Dall’ immagine sbiadita, attraverso i suoi occhi, non traspare abbastanza la forza, l’ardore di una donna che per “coerenza assoluta” quello sguardo non l’ha mai abbassato. Maria Pasquinelli è un esempio di coraggio per un intero popolo, quello degli esuli istriani e dalmati che, nel dopoguerra, ha dovuto immediatamente imparare a convivere con il dolore e la rabbia dell’abbandono.
Passionaria toscana, dedicò la sua giovinezza all’insegnamento della Pedagogia, in seguito crocerossina in Libia, fu richiamata a Spalato, città nella quale fu catturata nel 1943 dai partigiani jugoslavi. Nel febbraio 1947, trovandosi a Pola, ormai libera, assistette alla cerimonia di passaggio dei poteri militari da parte delle forza armate Alleate verso quelle jugoslave, in seguito alla firma del Trattato di Pace. Lei, che in quella occasione si trovava tra la piccola moltitudine di curiosi che circondava i militari, estrasse una pistola, uccidendo il comandante della guarnigione britannica di Pola, il generale Robert W. De Winton. Dopo i tre spari si lasciò immediatamente arrestare dai soldati britannici, perfettamente lucida nella sua azione, coscia del suo destino. Nella tasca del suo cappotto fu trovato questo messaggio indirizzato, più che alle autorità, alla popolazione rimasta sbigottita:
«Mi ribello, col fermo proposito di colpire a morte chi ha la sventura di rappresentarli, ai Quattro Grandi i quali, alla Conferenza di Parigi, in oltraggio ai sensi di giustizia, di umanità e di saggezza politica, hanno deciso di strappare ancora una volta dal grembo materno le terre più sacre d’Italia, condannandole o agli esperimenti di una novella Danzica o con la più fredda consapevolezza, che è correità, al giogo jugoslavo, sinonimo per la nostra gente indomabilmente italiana, di morte in foiba, di deportazioni, di esilio. »

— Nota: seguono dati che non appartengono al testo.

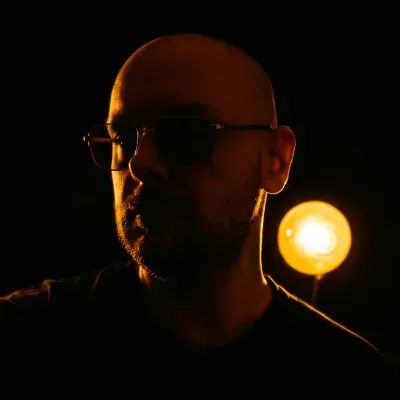 Krystian Welcel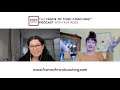 Walt's Waltz founder Susan Crooks conversation w/ Kim Ades - Mental Health - Actionable Change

Poco tempo dopo, nel marzo del 1947, Maria Pasquinelli fu sottoposta a processo presso il Tribunale Militare Alleato di Trieste. La Corte la condannò a morte nell’aprile di quello stesso anno, invitando l’imputata a chiedere la grazia, presentando la propria richiesta nei trenta giorni successivi alla sentenza, ma l’invito fu rifiutato :
«Ringrazio la Corte per le cortesie usatemi, ma fin d’ora dichiaro che mai firmerò la domanda di grazia agli oppressori della mia terra. ».
La pena capitale per Maria Pasquinelli suscitò profondo scalpore presso l’opinione pubblica soprattutto triestina, e proprio la città giuliana in quei giorni fu invasa da biglietti che recitavano «Dal pantano è nato un fiore, Maria Pasquinelli. Viva l’Italia ». La pena, anche grazie alle vive proteste dei giovani militanti del Movimento Sociale Italiano, fu commutata all’ergastolo. La libertà le fu tuttavia restituita solo nel ’65, data nella quale si trasferì a Bergamo, dove terminerà la sua vita, dedicata all’idea di Nazione, donata all’ideale di un Popolo.